Tropical storm Beatriz forms off the Pacific coast of Mexico; hurricane watch issued

June 20th, 2011 - 1:00 am ICT by BNO News  

MIAMI (BNO NEWS) — Tropical Storm Beatriz formed off the Pacific coast of Mexico on late Sunday morning, prompting a hurricane watch for some local coastlines, forecasters said.

Forecasters at the U.S. National Hurricane Center (NHC) have been following the weather system since Tuesday when it emerged as an area of disorganized showers and thunderstorms off central America. It slowly became more organized in the last few days and developed into a tropical depression on Sunday morning, before strengthening into a tropical storm just three hours later.

“Satellite imagery indicates that the low off the southern coast of Mexico has acquired sufficient organization to be classified as the second tropical depression of the East Pacific season,” NHC senior hurricane specialist Michael Brennan said on early Sunday, before it strengthened into a tropical storm. “Over the past few hours, a large area of cold convective tops has developed to the southwest of the estimated center position, with the formation of curved convective bands to the northwest and northeast of the center.”

As of 11 a.m. PDT (1800 GMT), the center of Tropical Storm Beatriz was located about 205 miles (330 kilometers) southwest of Punta Maldonado, a beach town in the Mexican state of Guerrero. It is moving toward the west-northwest at a speed of 10 miles (17 kilometers) per hour.

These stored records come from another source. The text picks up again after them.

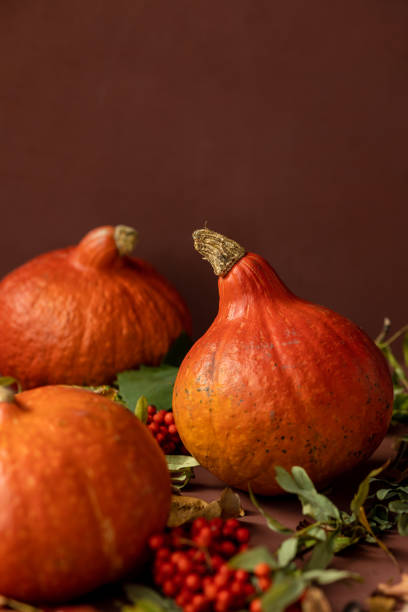 concepto otoñal con una calabaza sobre fondo oscuro con hojas otoñales. celebrando halloween y acción de gracias - five objects audio fotograf�ías e imágenes de stock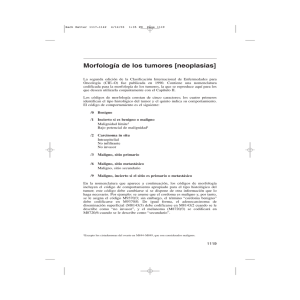 Morfología de los tumores [neoplasias]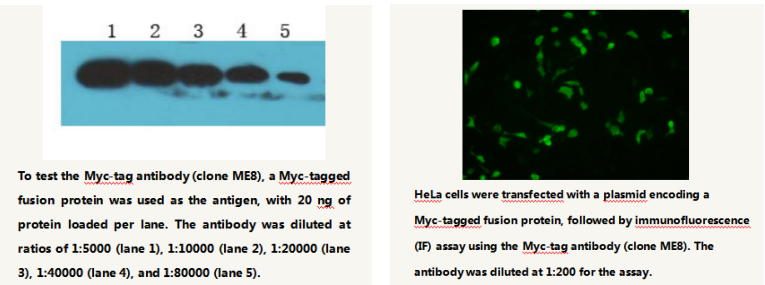 Anti-Myc-tag Mouse Monoclonal Antibody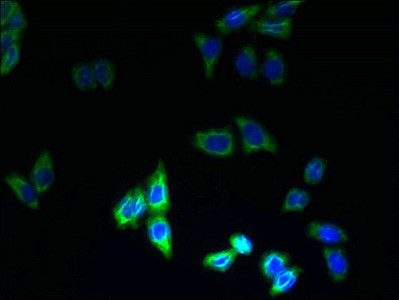 PQLC3 Antibody in Immunocytochemistry (ICC/IF)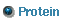 protein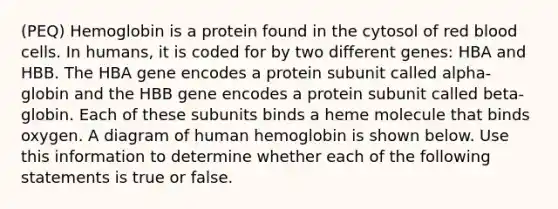 (PEQ) Hemoglobin is a protein found in the cytosol of red blood cells. In humans, it is coded for by two different genes: HBA and HBB. The HBA gene encodes a protein subunit called alpha-globin and the HBB gene encodes a protein subunit called beta-globin. Each of these subunits binds a heme molecule that binds oxygen. A diagram of human hemoglobin is shown below. Use this information to determine whether each of the following statements is true or false.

Maximum sustained winds of Beatriz have increased to 40 miles (65 kilometers) per hour, with higher gusts, according to forecasters. “The environment appears favorable for some strengthening over the next couple of days, with the cyclone situated over sea surface temperatures near 30 degrees Celsius (86 degrees Fahrenheit),” Brennan said.

Forecasters expect Beatriz to strengthen into a category one hurricane by early Tuesday morning as it moves closer towards Mexico. While the storm is not expected to make landfall directly, the then-hurricane will likely come close to the coast and could pose a threat to the region.

As a result, forecasters have issued a hurricane watch for the coast of Mexico from Zihuatanejo westward to Manzanillo. A tropical storm warning is also in effect from Tecpan de Galeana westward to Punta San Telmo.

“Tropical storm conditions are expected to first reach the coast within the warning area by Monday morning,” said Brennan. “Hurricane conditions are possible within the watch area by Monday night or early Tuesday.”

The storm is expected to produce total rain accumulations of 6 to 8 inches (15 to 20 centimeters) along the southwestern coast of Mexico, with possible isolated maximum amounts of 12 inches (30 centimeters) over mountainous terrain. “These rains could cause life-threatening flash floods and mudslides,” Brennan warned.

Beatriz is the second tropical storm of the Eastern Pacific hurricane season, following Hurricane Adrian which formed off Acapulco, Mexico in early June. It rapidly strengthened into a category four hurricane but had no direct impact on land. It dissipated on June 12.

According to figures released in May, NOAA’s Climate Prediction Center is expecting a below normal hurricane season in the Eastern Pacific this year. The outlook calls for 9 to 15 named storms, with five to eight becoming hurricanes and one to three expected to become a major hurricane (category 3 or higher).

An average Eastern Pacific hurricane season produces 15 to 16 named storms, with eight to nine becoming hurricanes and four becoming major hurricanes. The Eastern Pacific hurricane season runs from May 15 through November 30, with peak activity from July through September.